**BRIEF**. Starting with the line that includes "49+ Elegant Blue Toe Nail Designs 2024", write out every remaining line of the records below exactly as it appears, leaving out any images.

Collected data
########

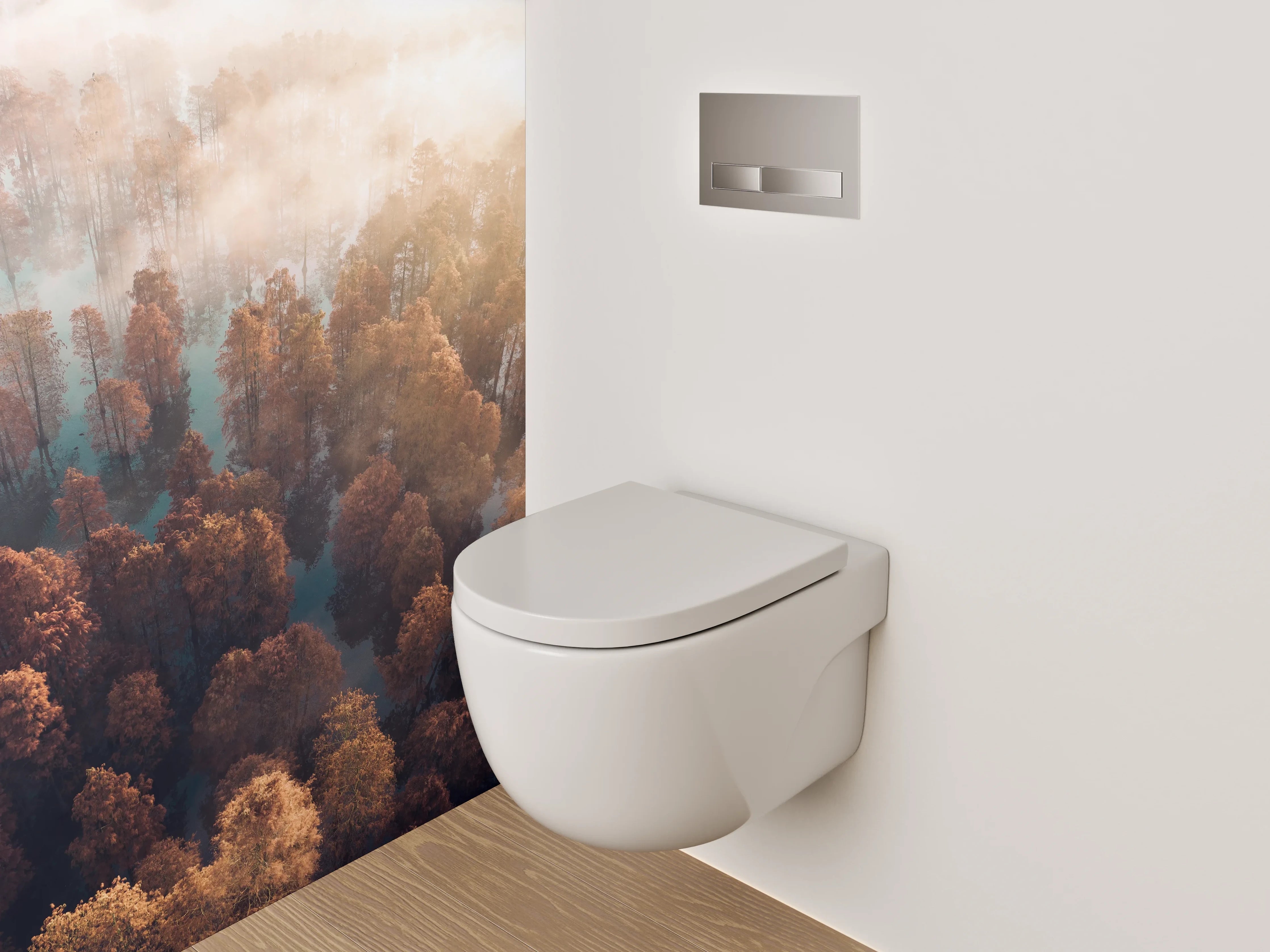 WC-Rückwand - Herbstlicher Nebelwald aus der Vogelperspektive
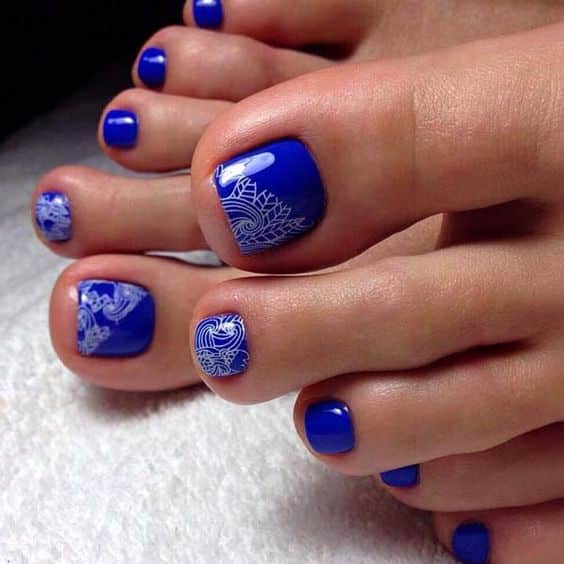 49+ Elegant Blue Toe Nail Designs 2024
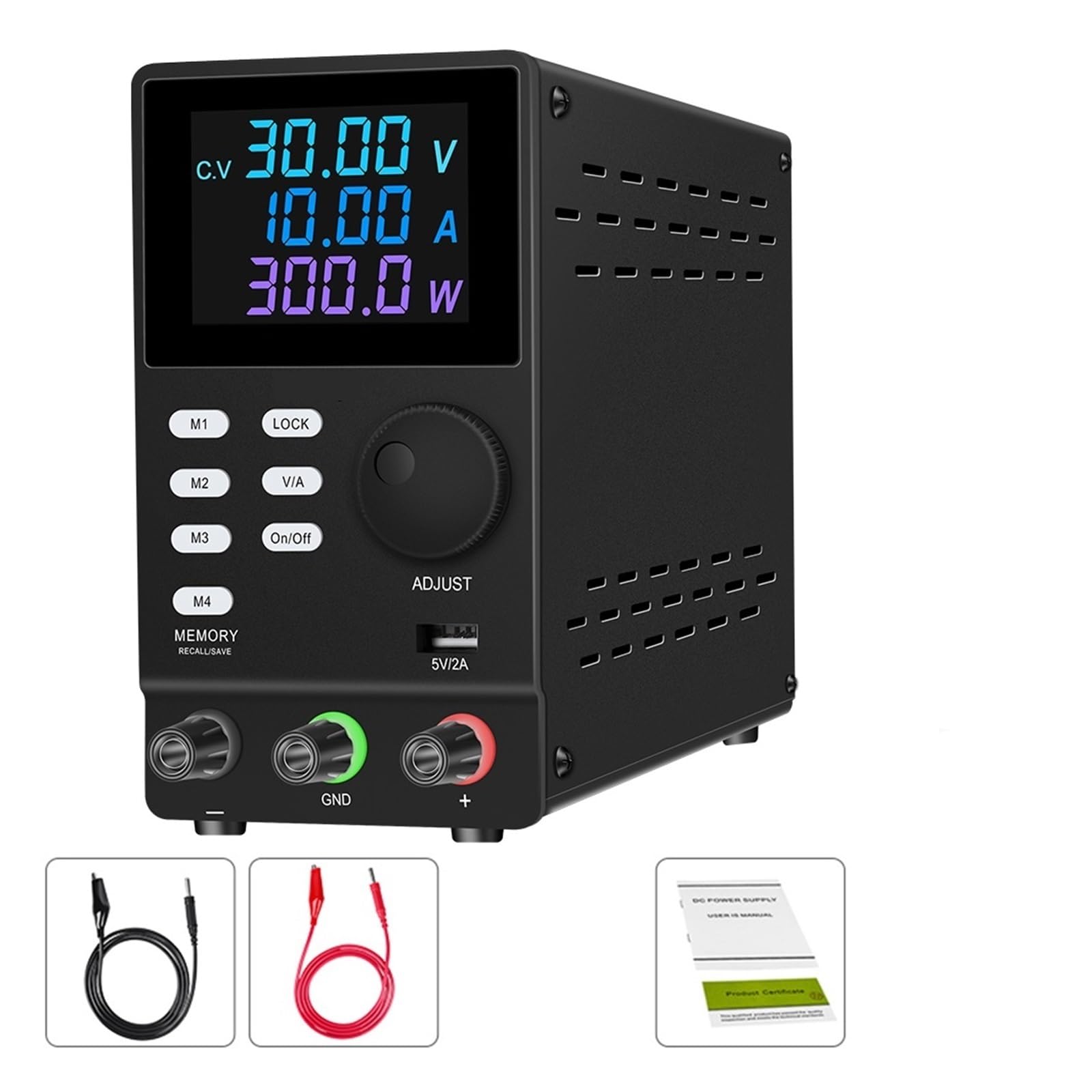 Fuente de alimentación CC regulada conmutada SPPS3010D de banco digital con puerto USB ajustable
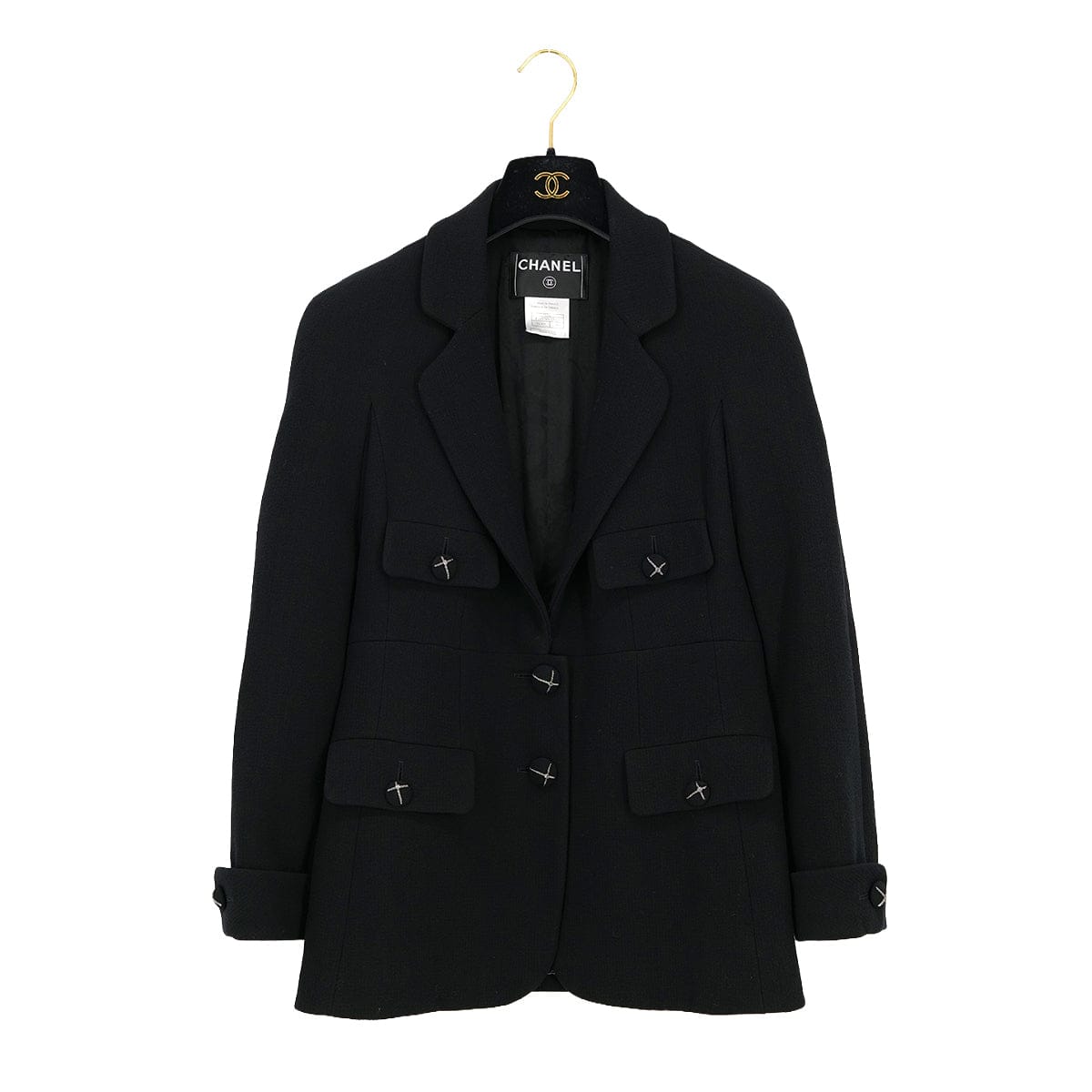 Luxury Promise Japan CHANEL COCO BUTTON JACKET BLACK WOOL 38 07A RTW 90323522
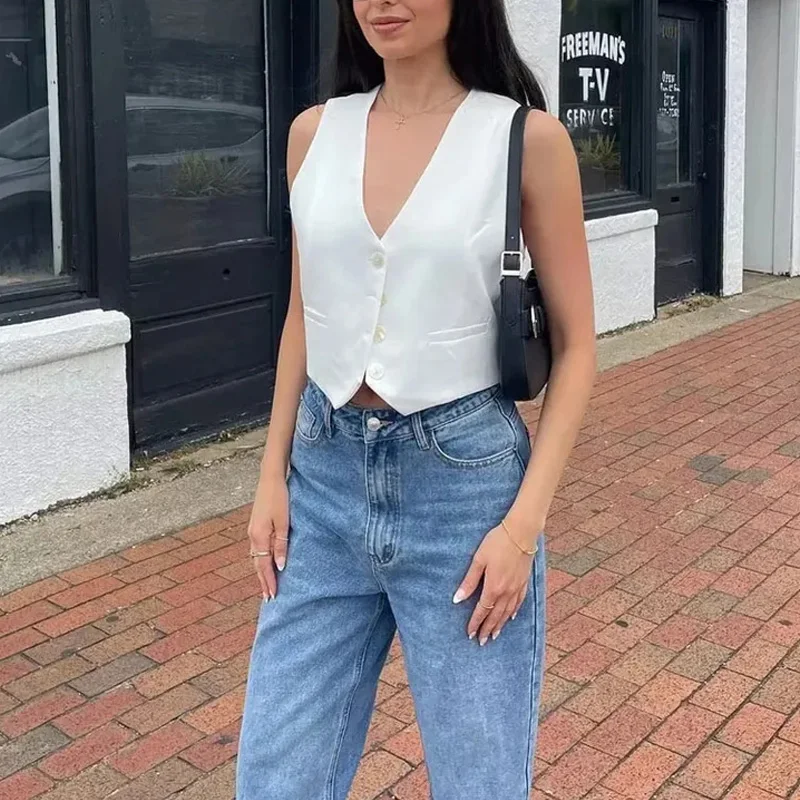 TRAF Short Women Vest Top V-Neck Sleeveless Button Lady Waistcoat New In 2024 Spring Summer Fashion Elegant Office Lady Top image 3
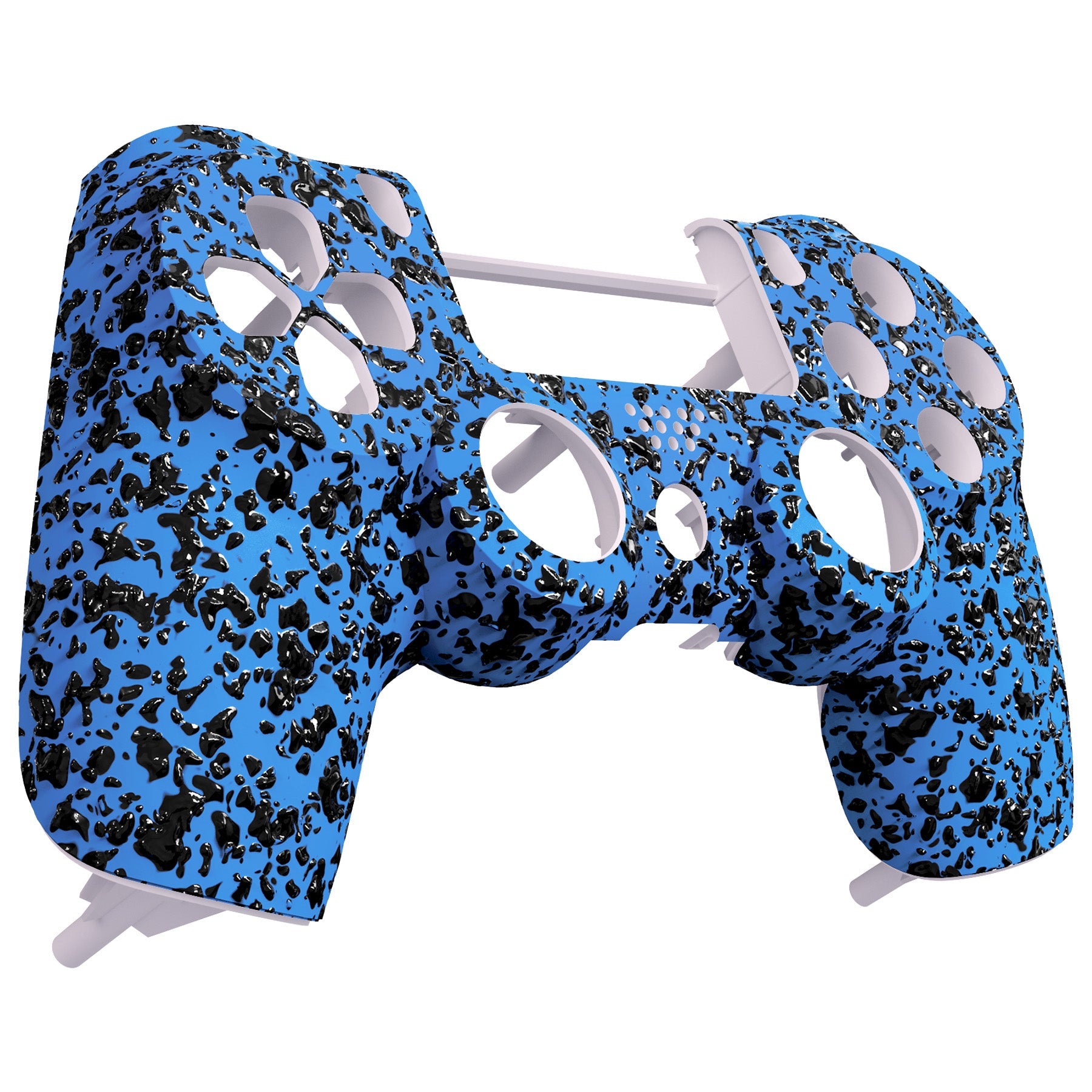 eXtremeRate Retail Textured Blue 3D Splashing Non-slip Front Housing Shell Faceplate for ps4 Slim ps4 Pro Controller (CUH-ZCT2 JDM-040 JDM-050 JDM-055) - SP4FP16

########

**EXERCISE RESULT**.
 49+ Elegant Blue Toe Nail Designs 2024
 Fuente de alimentación CC regulada conmutada SPPS3010D de banco digital con puerto USB ajustable
 Luxury Promise Japan CHANEL COCO BUTTON JACKET BLACK WOOL 38 07A RTW 90323522
 TRAF Short Women Vest Top V-Neck Sleeveless Button Lady Waistcoat New In 2024 Spring Summer Fashion Elegant Office Lady Top image 3
 eXtremeRate Retail Textured Blue 3D Splashing Non-slip Front Housing Shell Faceplate for ps4 Slim ps4 Pro Controller (CUH-ZCT2 JDM-040 JDM-050 JDM-055) - SP4FP16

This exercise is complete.